Une mythologie queer et féministe
Les montagnes grecques, témoins silencieux de millénaires de récits héroïques, deviennent ici le théâtre d’une autre forme de courage : celui de s’aimer en dehors des conventions. Bearcave revisite les codes du mythe pour en faire un terrain d’émancipation féminine et de désir interdit. L’ascension vers la grotte, métaphore d’un passage entre le réel et le sacré, agit comme un miroir intérieur : les héroïnes cherchent à s’élever, à se retrouver, à s’affranchir de ce que le monde attend d’elles.
À travers leur complicité, Dinopoulos et Papadakis sondent la frontière trouble entre amitié, amour et transformation. Leur mise en scène, volontairement ambiguë, laisse planer le mystère sur les véritables sentiments des deux femmes, tout en laissant affleurer la tendresse, la jalousie et le manque. Le film ne cherche pas à tout expliquer : il invite plutôt à ressentir, à observer ces élans du cœur qui échappent à toute logique.
Une esthétique envoûtante
Tourné dans des paysages ruraux rarement montrés au cinéma grec, Bearcave se distingue par sa beauté visuelle. Lumières vibrantes, palette saturée, mouvements de caméra mesurés — chaque plan respire la majesté brute de la nature et la poésie du désordre intérieur. La musique, planante et mystérieuse, amplifie cette atmosphère de rêve éveillé où les émotions se confondent avec les éléments.
Si le film avance à un rythme contemplatif, sa lenteur n’est jamais vaine. Elle permet aux personnages, comme au spectateur, d’habiter le silence, de sentir le poids du non-dit et la force des liens qui se défont. Derrière sa structure volontairement opaque, Bearcave révèle peu à peu son cœur : un hommage à la fluidité des identités, à la puissance de l’amitié féminine et à la douleur de l’amour impossible.

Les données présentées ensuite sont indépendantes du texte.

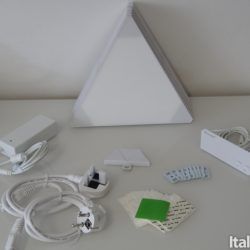 Nanoleaf Light Panels Rhythm: I pannelli LED componibili compatibili con HomeKit 1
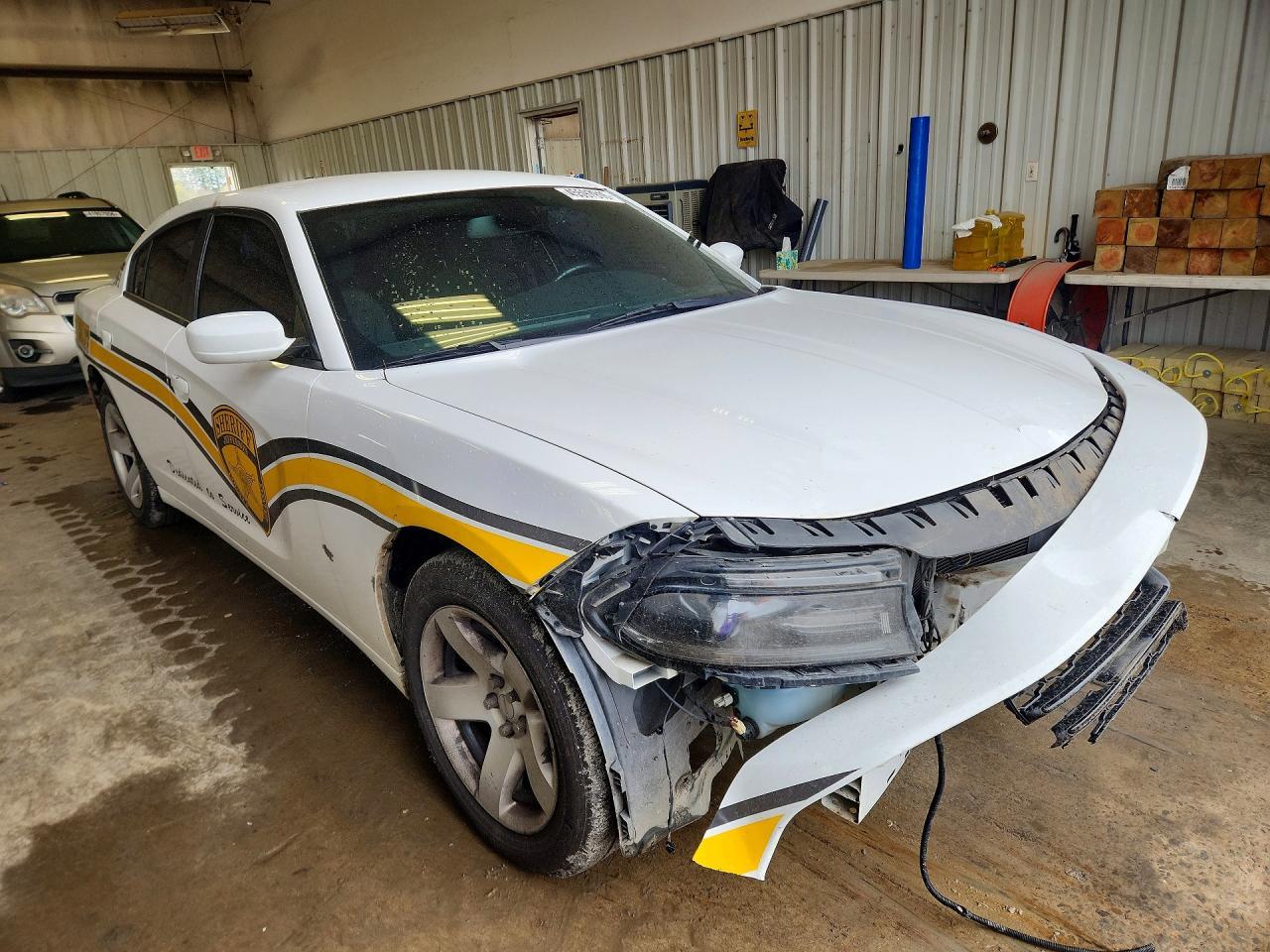 2017 DODGE CHARGER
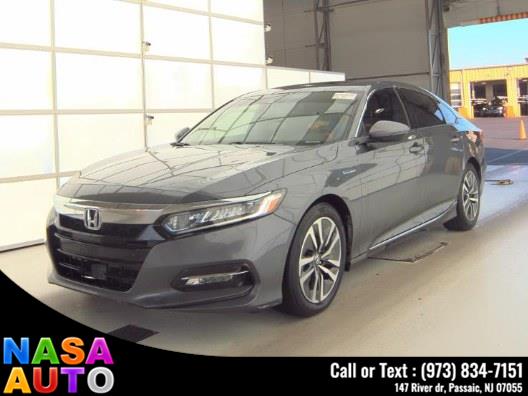 2020 Honda Accord Hybrid EX-L Sedan, available for sale in Passaic, New Jersey | Nasa Auto. Passaic, New Jersey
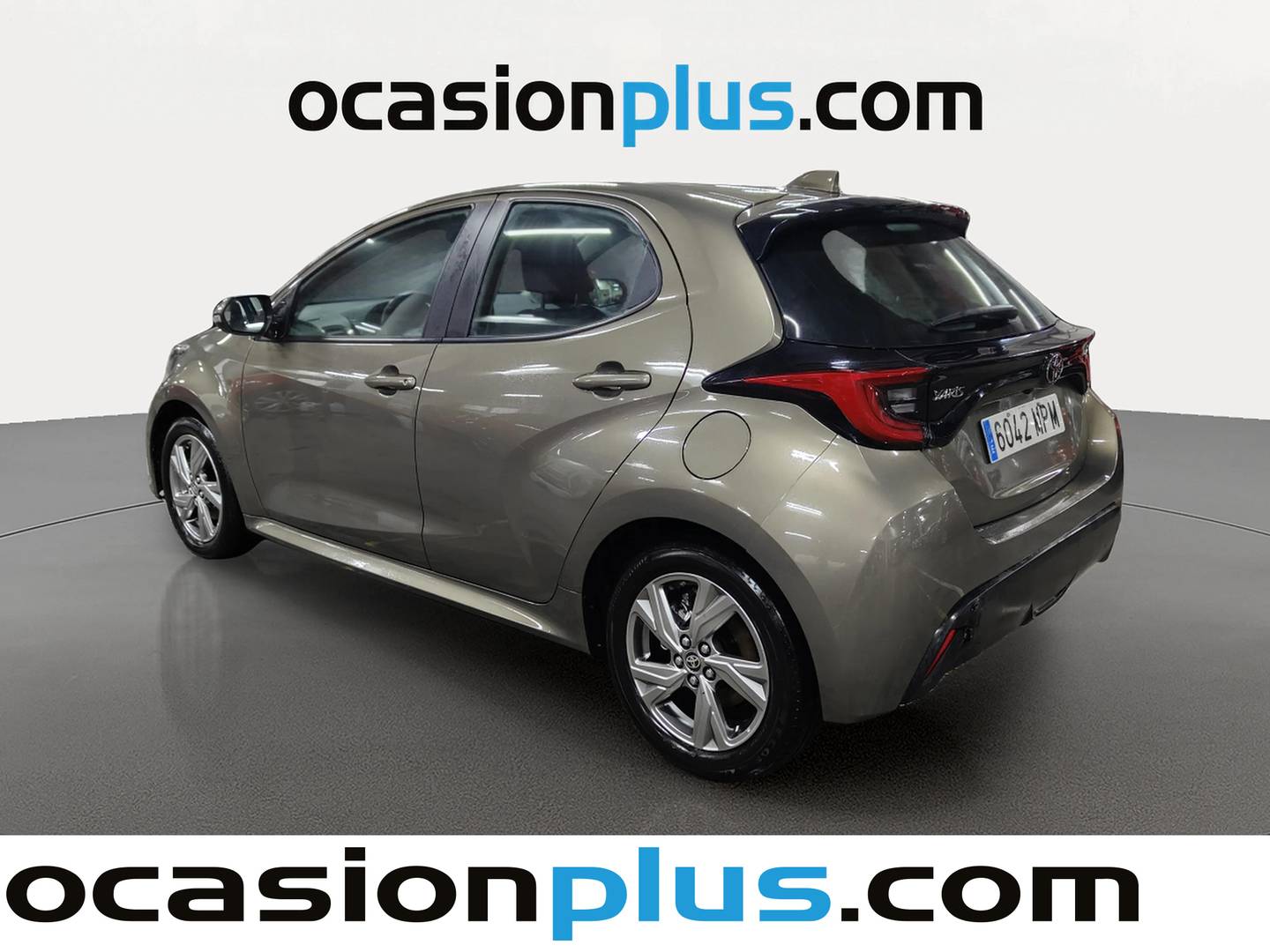 Foto Toyota Yaris Toyota Yaris 120H Active Plus (116 CV)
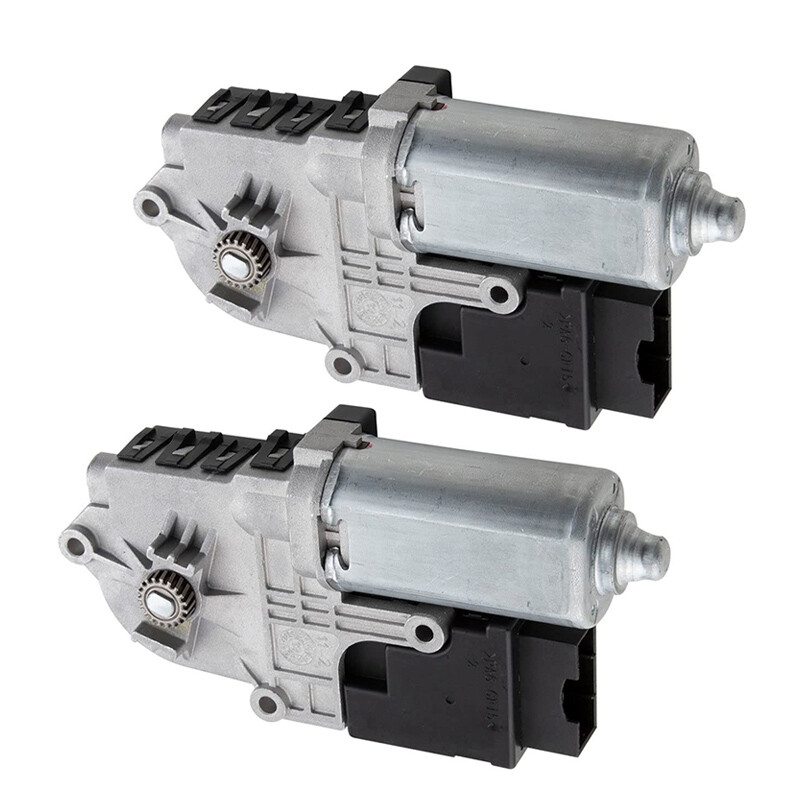 2Pcs Right & Left Sunroof Moon Roof Motor for Ford Explorer 2011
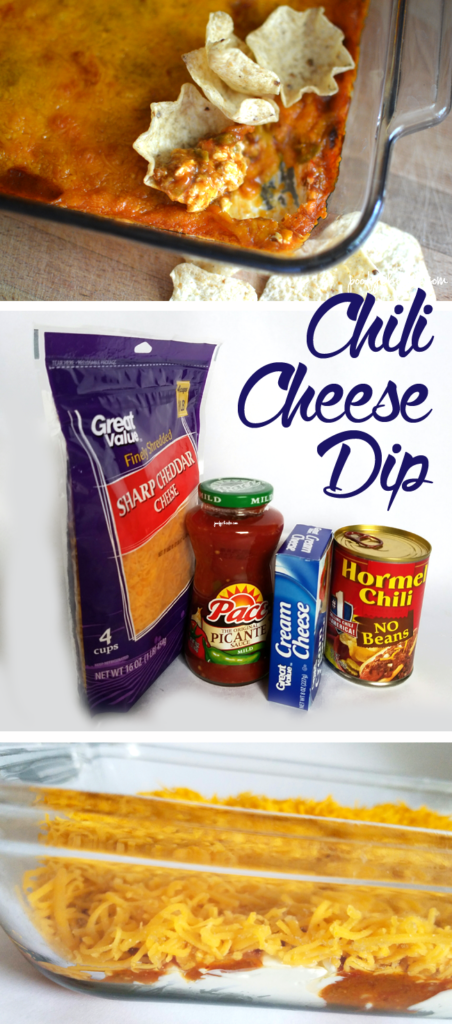 Recipe: Creamy Chili Cheese Dip - Poofy Cheeks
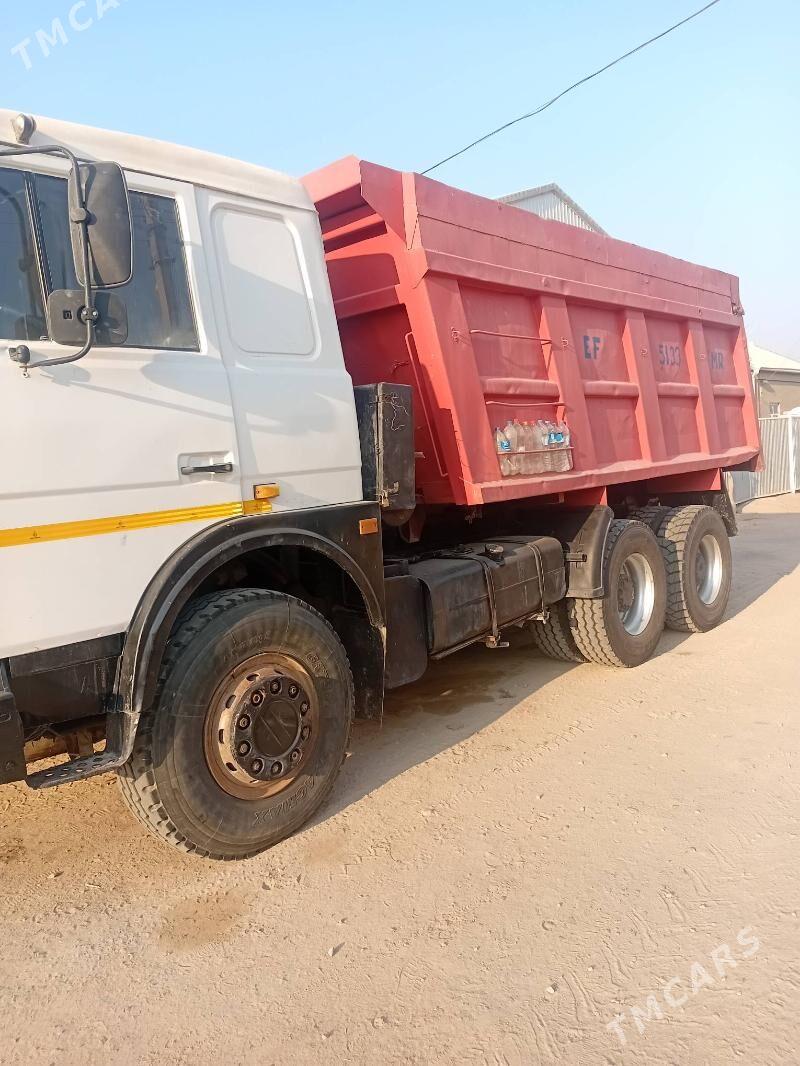 Maz Samosval 2013 - 410 000 TMT - Sakarçäge - img 4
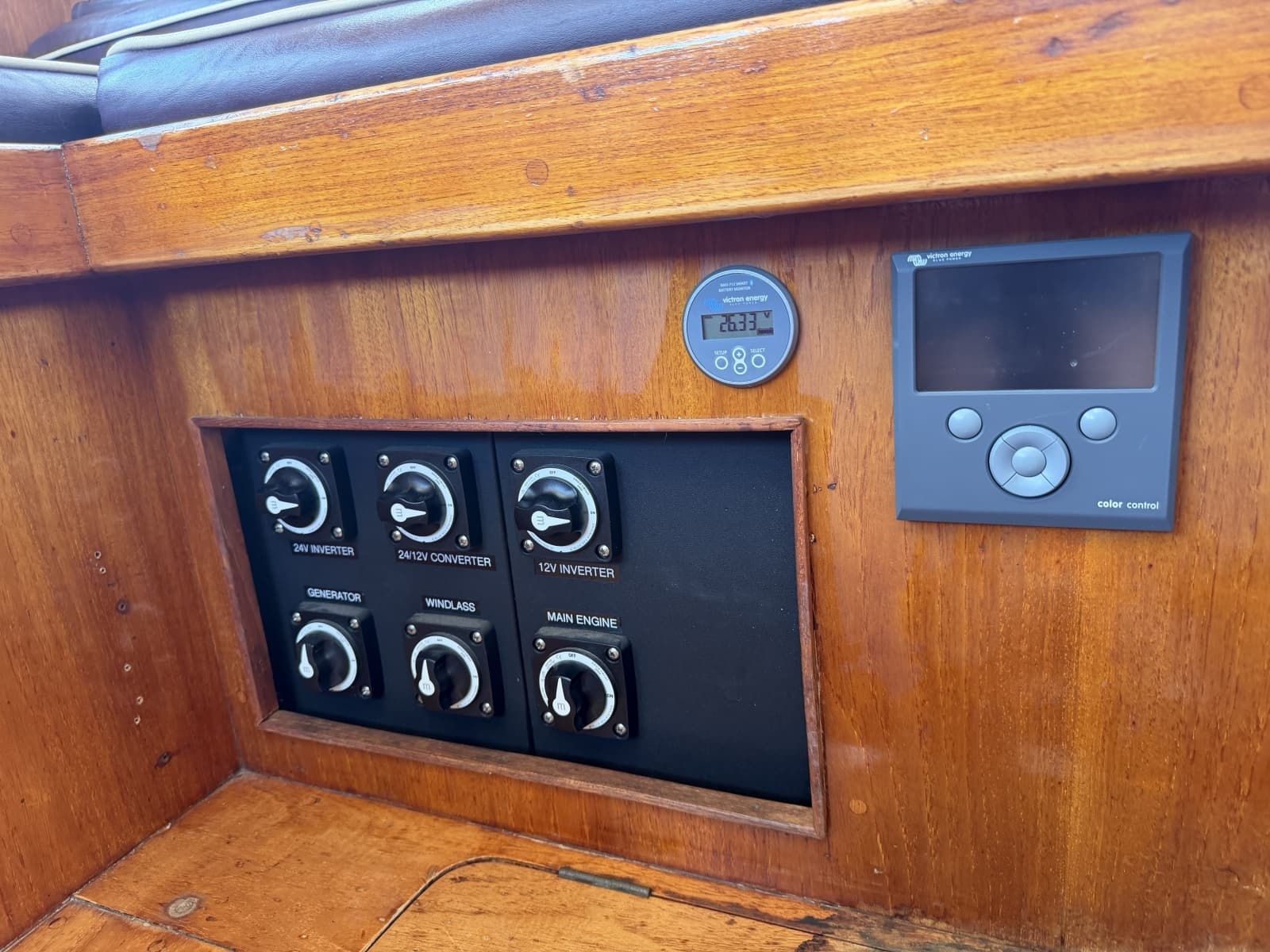 1977 Fisher 46 - Photo 8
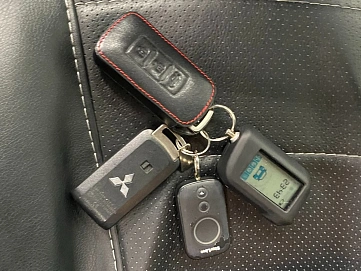 Mitsubishi Outlander, 2018г, полный привод, вариатор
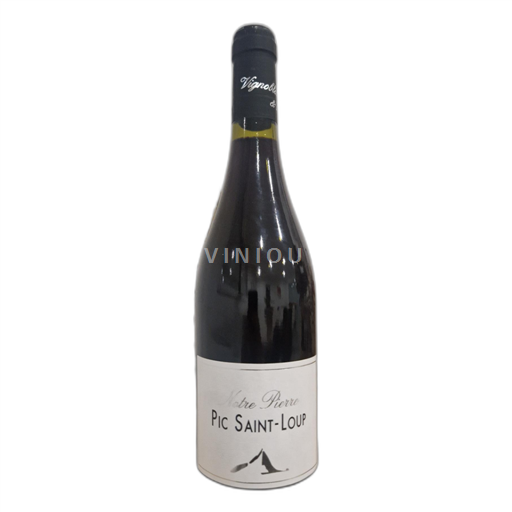Langvedok Pic-saint-loup Notre Pierre 2022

Sous ses airs de fable pastorale, Bearcave est une œuvre profondément queer — un film sur les métamorphoses intérieures, la découverte du désir et la résistance à l’ordre établi. Dans le sillage d’Argyro et d’Anneta, Dinopoulos et Papadakis signent une ode à celles qui, entre terre et ciel, apprennent à se reconnaître, à se perdre et à renaître.